„Man denkt, daß er sehr gut ist.“
„Sie schießen in der letzten Zeit weniger. Haben Sie Artillerie herausgezogen oder haben Sie Mangel an Munition?“
„Ich bin nicht im geringsten über die Artillerie unterrichtet.“
Auf eine Reihe von Fragen antworten sie ausweichend. Auf dem fleischigen Gesicht des Dunkeln liegt ein pfiffiges Lächeln.
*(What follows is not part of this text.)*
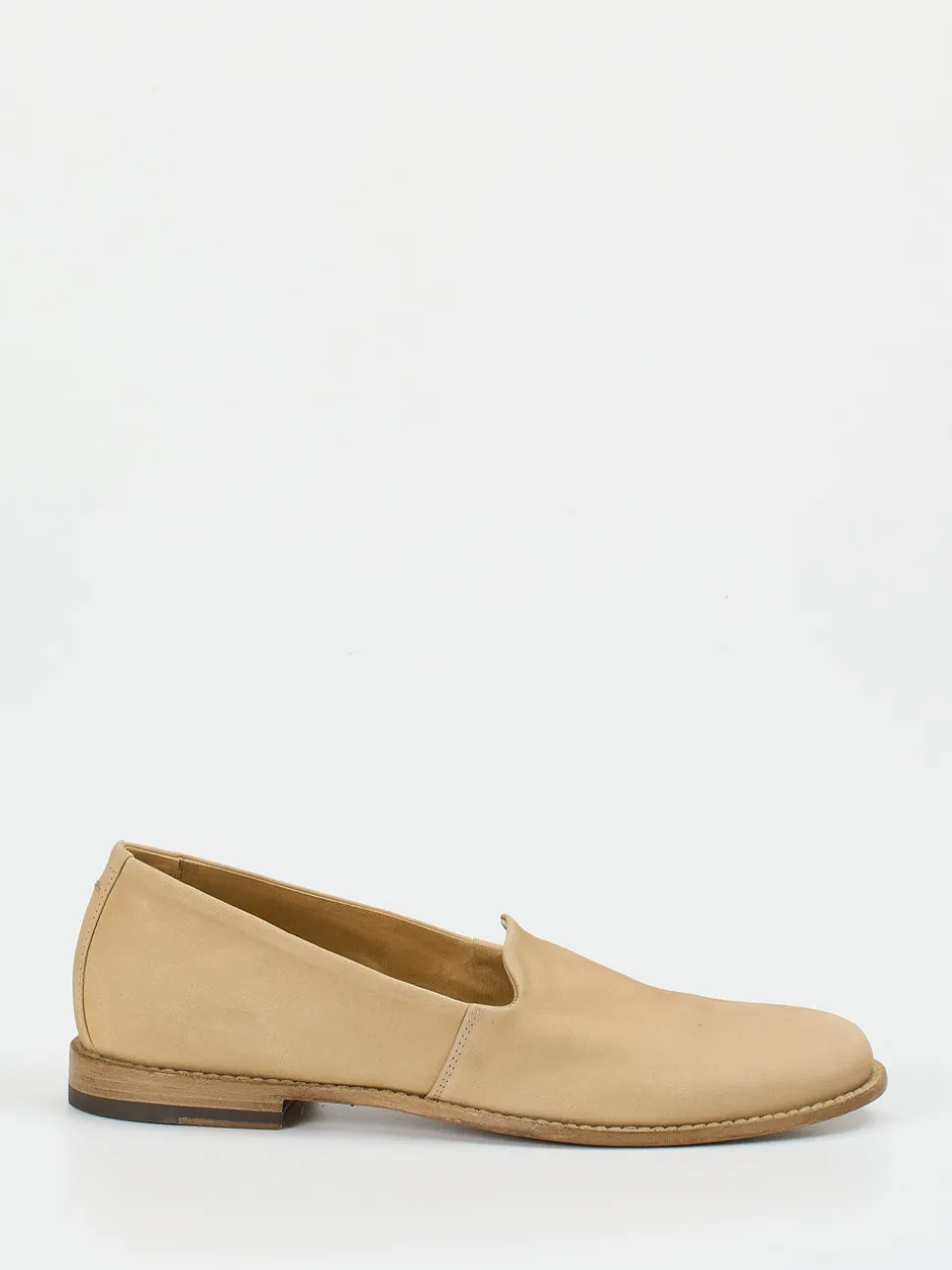 Pantanetti – Loafer aus Nubukleder in Beige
Der verhörende Offizier dringt nicht weiter in sie. Er springt ab: „Welchen Beruf haben Sie?“
Der Blonde: „Ich bin cultivateur (Landwirt). Ich habe das Seminar besucht und dann den väterlichen Besitz übernommen.“
Der Dunkle: „Ich arbeite im Versicherungsgeschäft.“
„Welche Art Versicherungen?“
„Lebensversicherungen, Feuer, Unfall, Diebstahl, alles, was Sie wollen. Ich lebe in Paris.“
Ah, dachte ich es nicht gleich? Ich sehe ihn vor mir in dunklem Gehrock, den Zylinder auf dem pomadisierten Scheitel, das Bärtchen gewichst, die Mappe unterm Arm, ein bißchen verstaubt und verschwitzt, den kleinen Pariser Beamten. Wie er würdevoll und großartig in ein bescheidenes Restaurant tritt, an den Speisen herumkritisiert und über Zugluft klagt. Aus diesem Grunde ist er auch jetzt, im Sommer, so mit Wollsachen ausgepolstert.